Prompt – The response should contain only the line with "大堂-奉天泥炉烤肉(七星店)" and every line after it to the end of the listing below, duplicated exactly; no picture belongs in it.

★ ★ ★ ★ ★ ★ ★

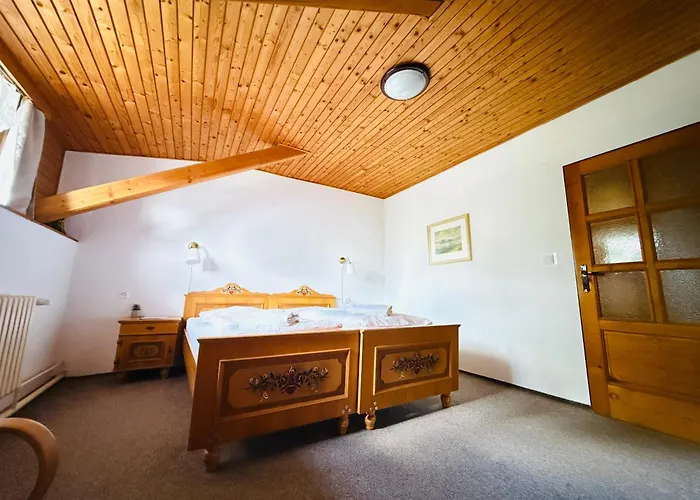 Hrubjak Apartmán Oravska Polhora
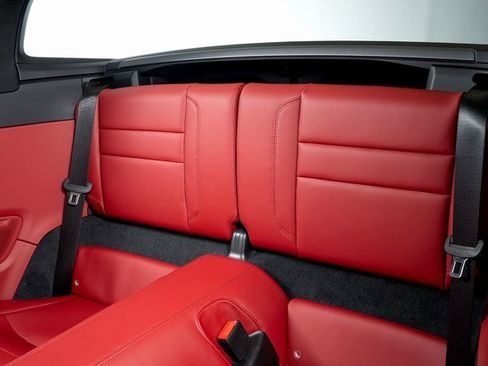 Used 2024 Porsche 911 Targa 4 GTS image 21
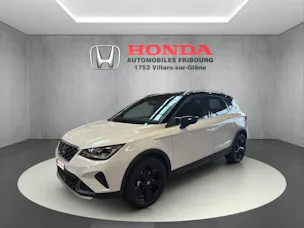 SEAT Arona 1.5 TSI FR DSG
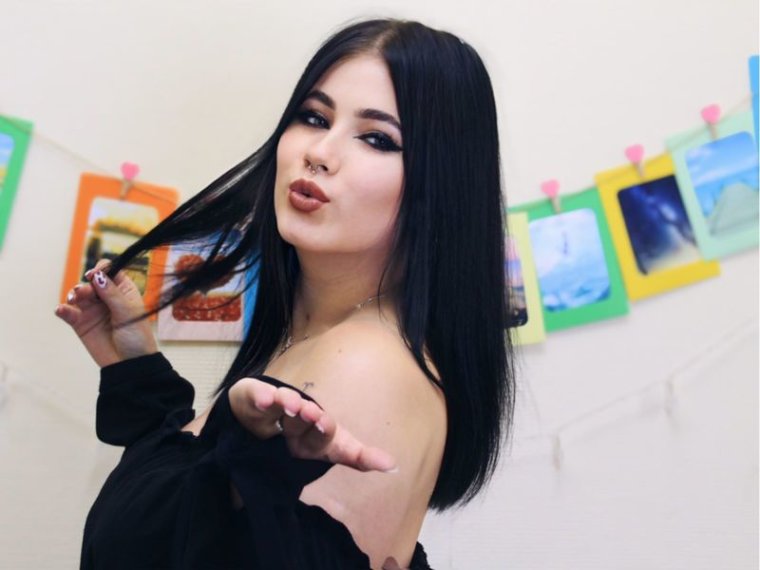 AmyGrays's profile - Image n°0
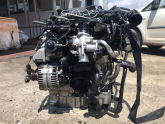 Oto Çıkma Parça / Audi / A6 / Motor / Blok / Çıkma Parça 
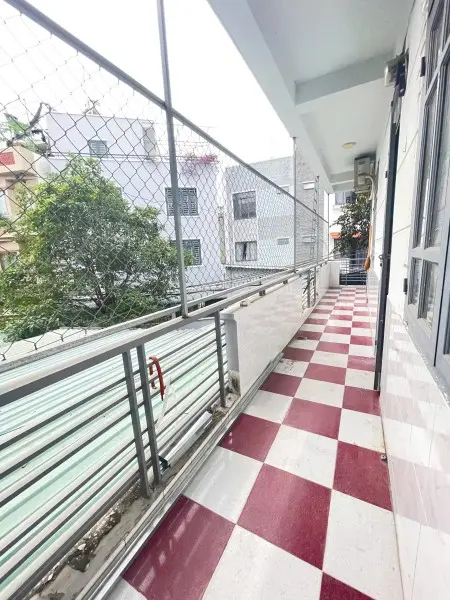 Cần Cho Thuê Nhanh Phòng Trọ Ngay Bình Trưng Tây - Duplex - Full Nội Thất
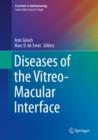Image for Diseases of the Vitreo-Macular Interface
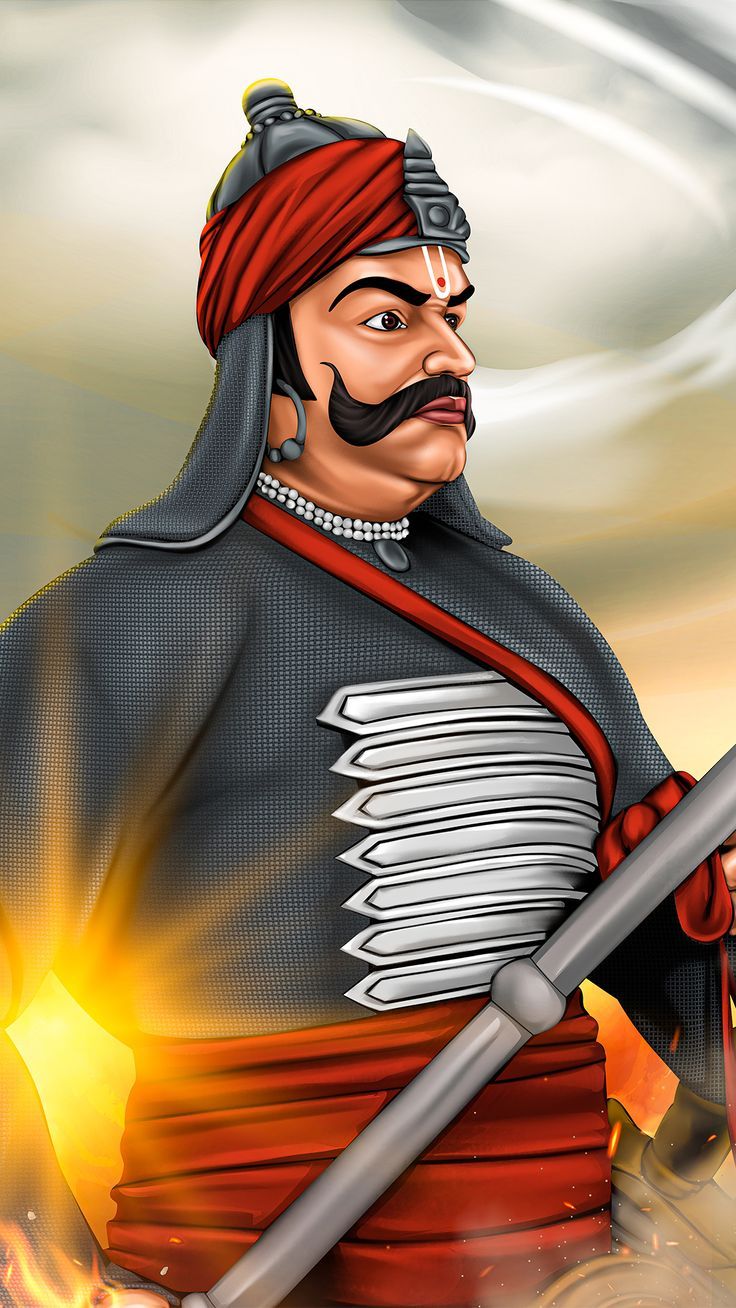 Veer Maharana Pratap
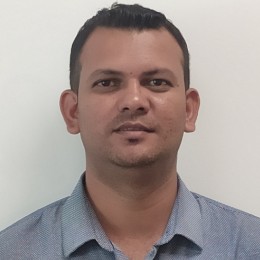 Dhananjay Mohite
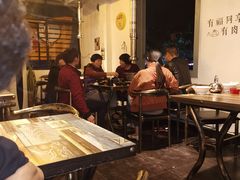 大堂-奉天泥炉烤肉(七星店)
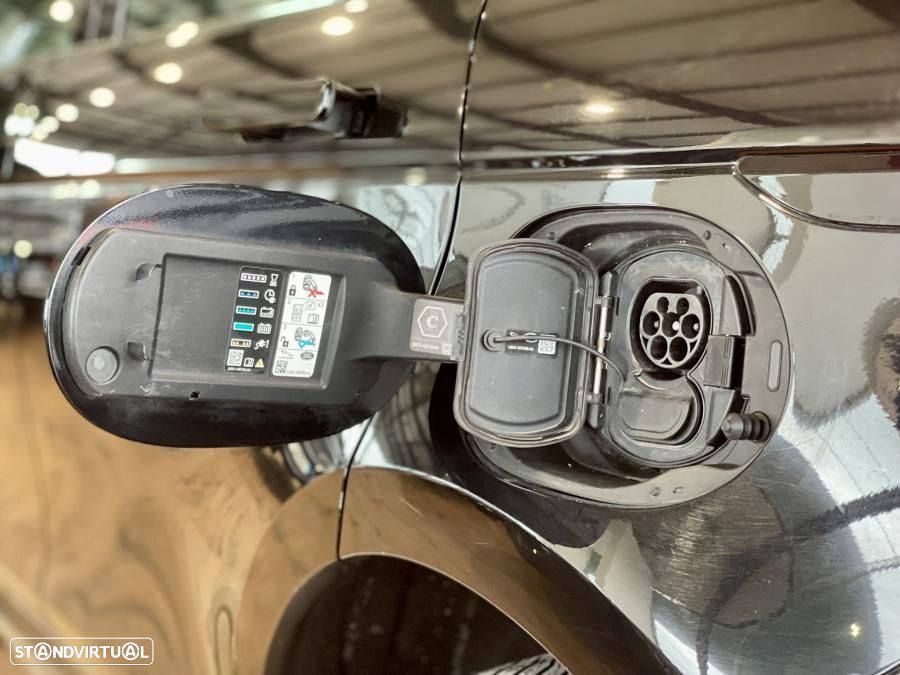 Land Rover Range Rover Evoque P300e R-Dynamic - 10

★ ★ ★ ★ ★ ★ ★

Reply to the task –
 大堂-奉天泥炉烤肉(七星店)
 Land Rover Range Rover Evoque P300e R-Dynamic - 10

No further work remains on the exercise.